##### GIVEN DATA #####

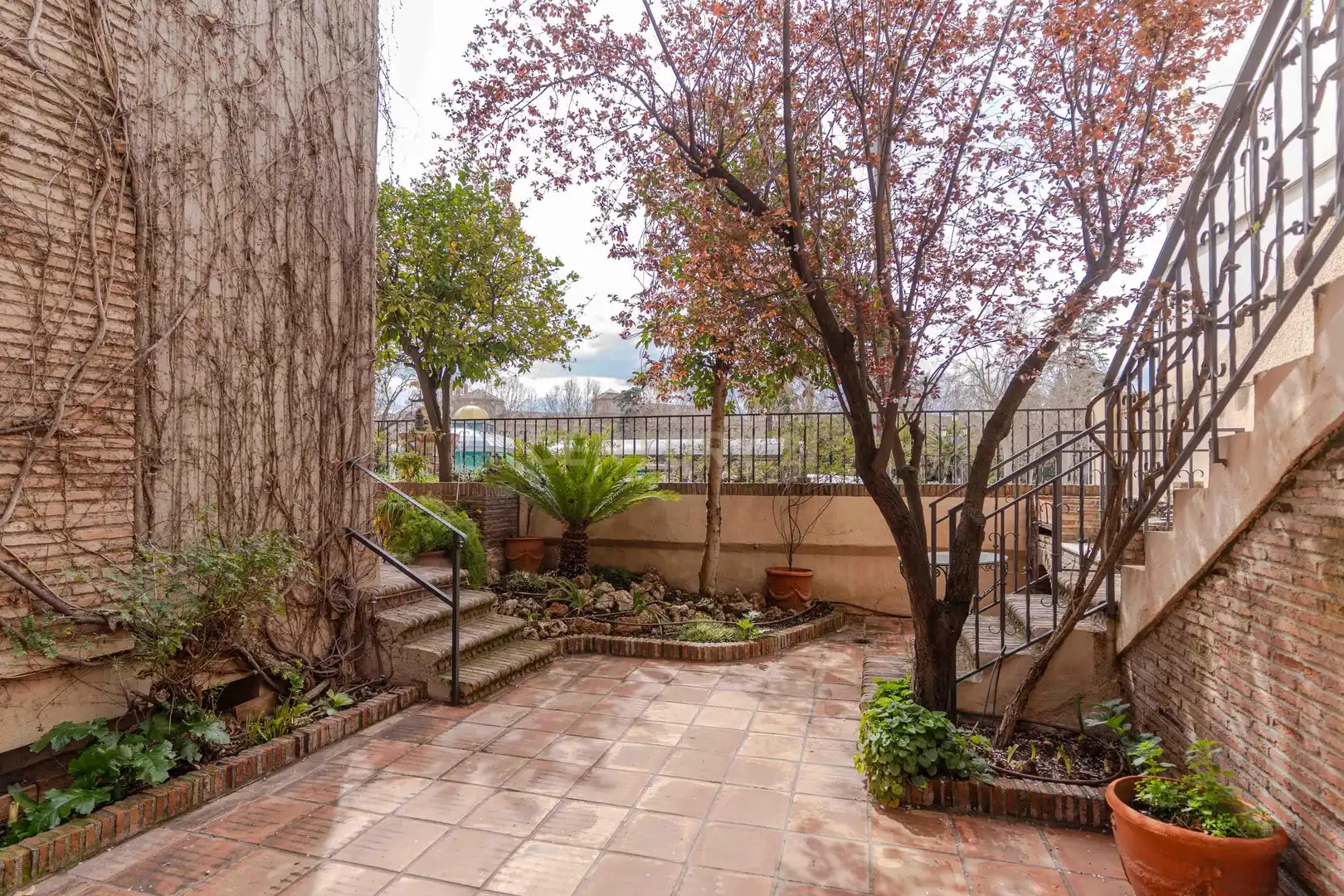 Terraza de Dúplex en venta en Granada con Aire acondicionado, Jardín privado y Trastero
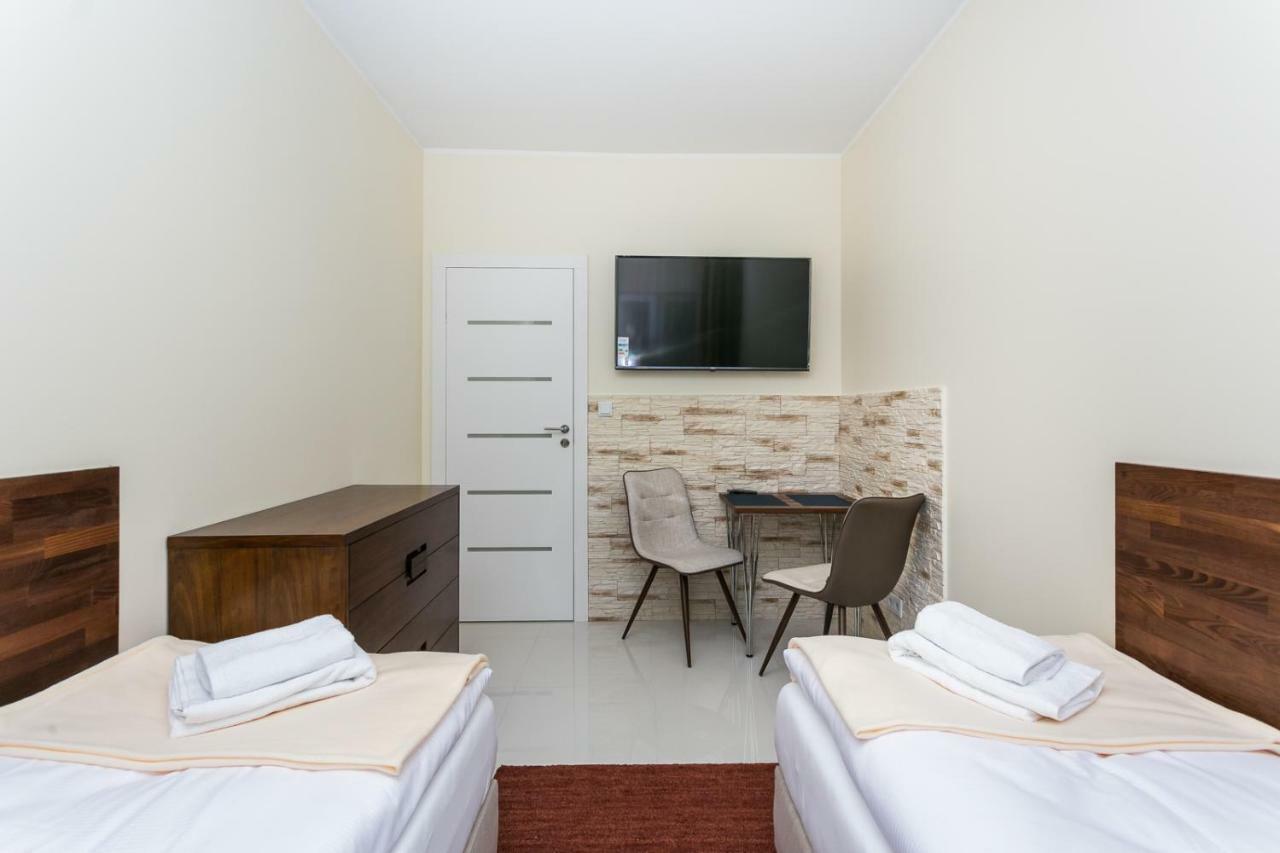 Apartamenty Dom Saski 10 Minut Od Centrum Warszawy Varsó Kültér fotó
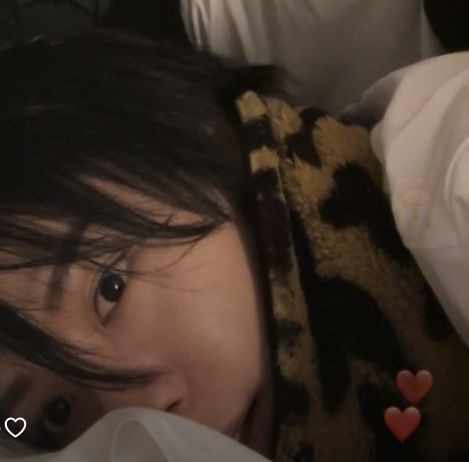 Semalem ketiduran, terus pagi pagi bangun kok ada tangan melingkar diperut. Ternyata dia pelaku. Pantes tidurku nyenyak. Hehehehe. Good morning Kesayangannya Rayi ❤️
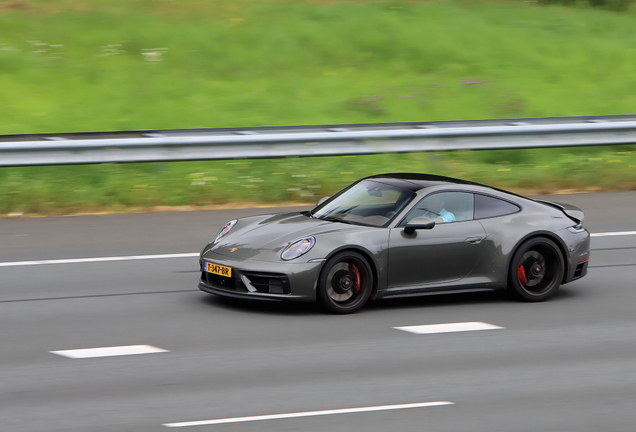 Porsche 992 Carrera GTS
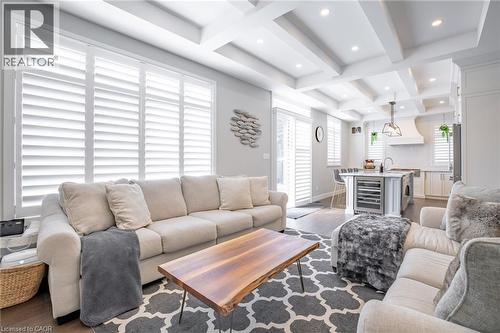 4 Lockman Drive, Ancaster, ON - Indoor Photo Showing Living Room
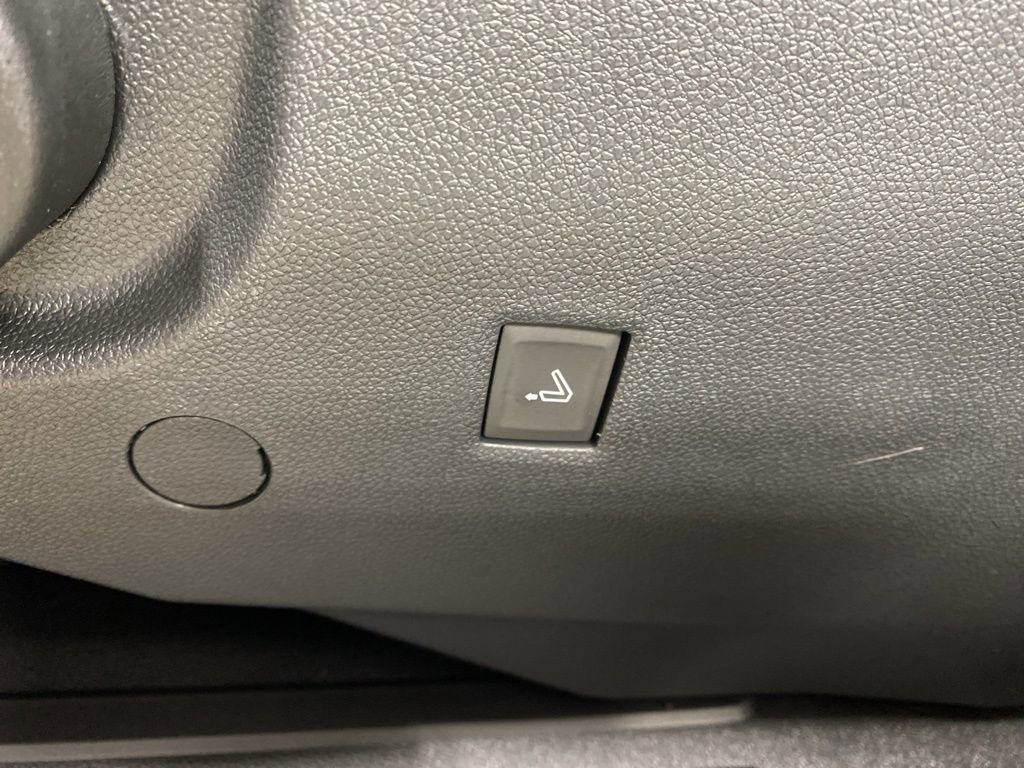 New 2026 Chevrolet Traverse RS w/ LPO, Floor Liner Package AWD/4WD image 33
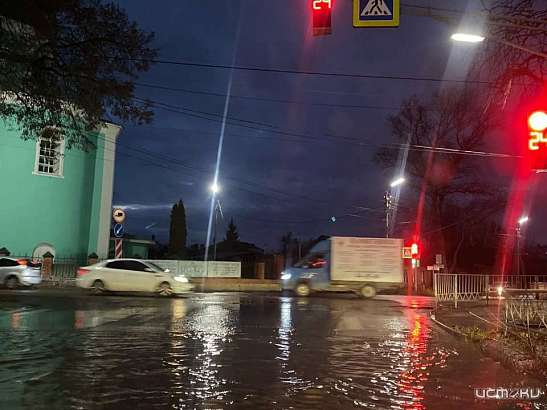 Озеро на 2-й Посадской с нами надолго. Ответ мэрии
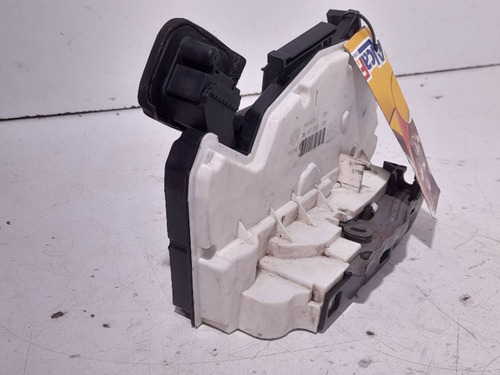 Fechadura Eletrica Porta Dianteira Direita Vw Jetta 2015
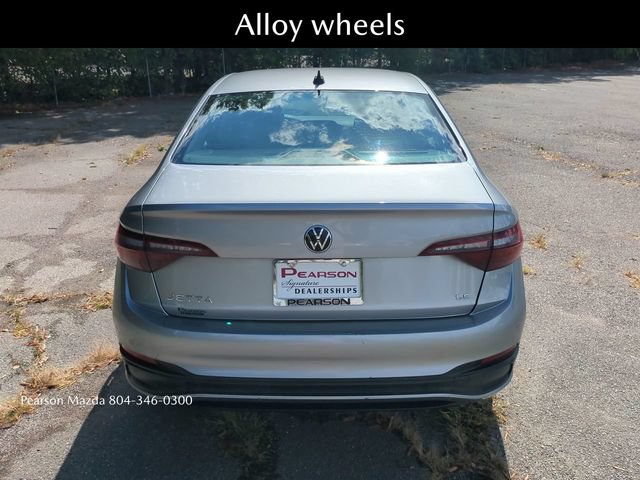 Used 2024 Volkswagen Jetta SE FWD image 5
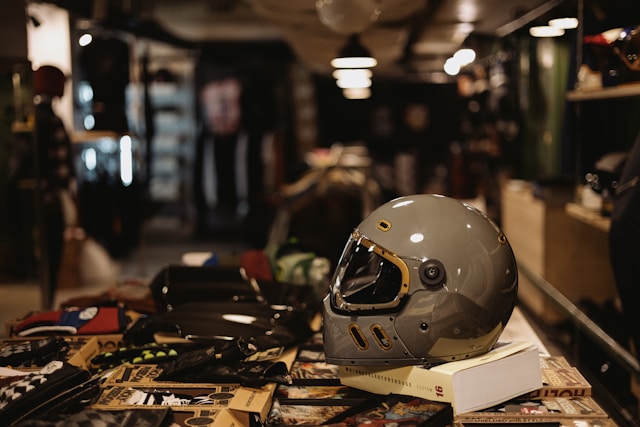 tweedehands motorhelm kopen in de kringloop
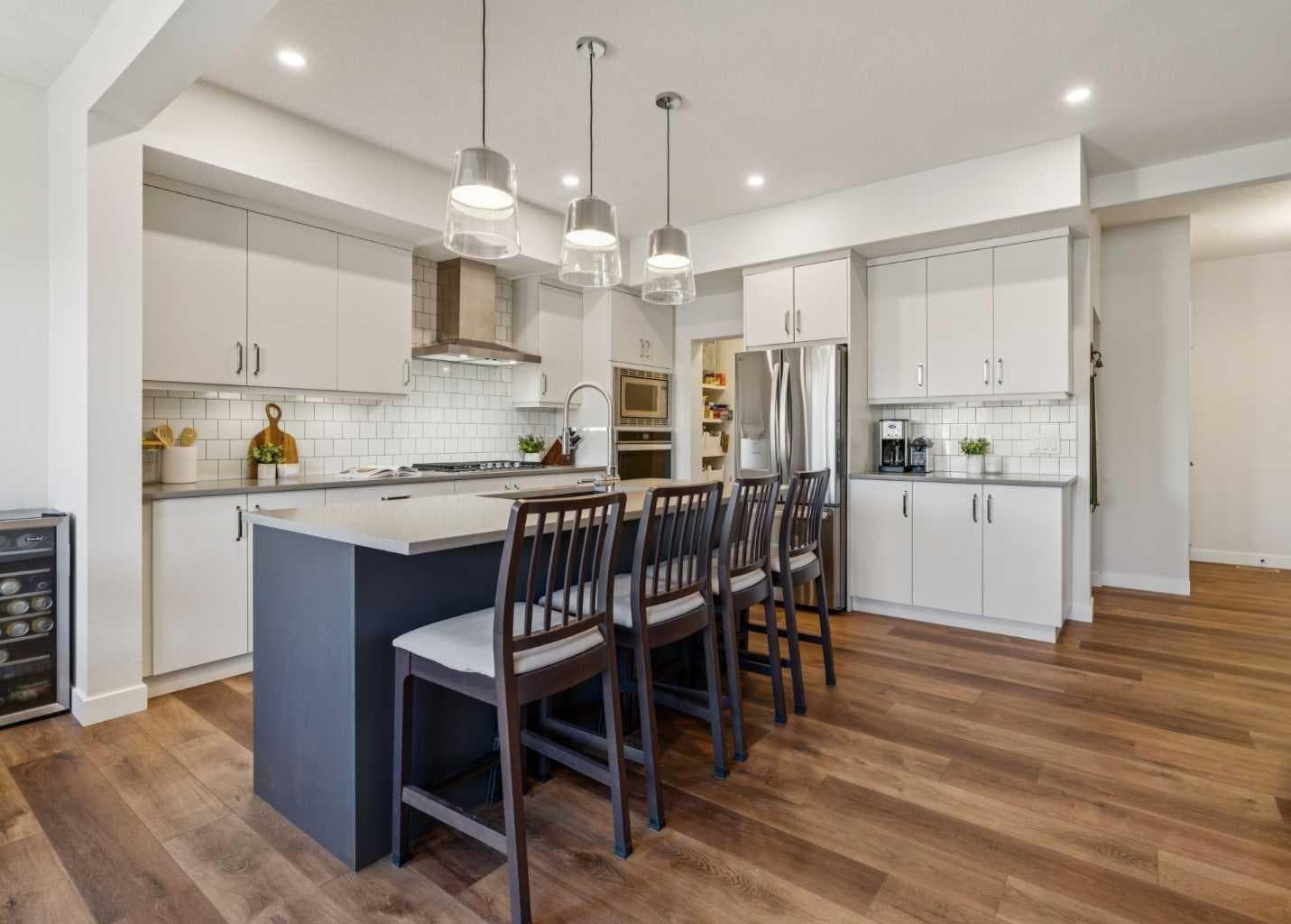 24 Willow Park Point — photo 2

#####

Retype, please, exactly the lines that begin with the one containing "4 Lockman Drive, Ancaster, ON" and end at the last line of the entries above, both included, leaving out pictures.

# [TASK SOLUTION]
 4 Lockman Drive, Ancaster, ON - Indoor Photo Showing Living Room
 New 2026 Chevrolet Traverse RS w/ LPO, Floor Liner Package AWD/4WD image 33
 Озеро на 2-й Посадской с нами надолго. Ответ мэрии
 Fechadura Eletrica Porta Dianteira Direita Vw Jetta 2015
 Used 2024 Volkswagen Jetta SE FWD image 5
 tweedehands motorhelm kopen in de kringloop
 24 Willow Park Point — photo 2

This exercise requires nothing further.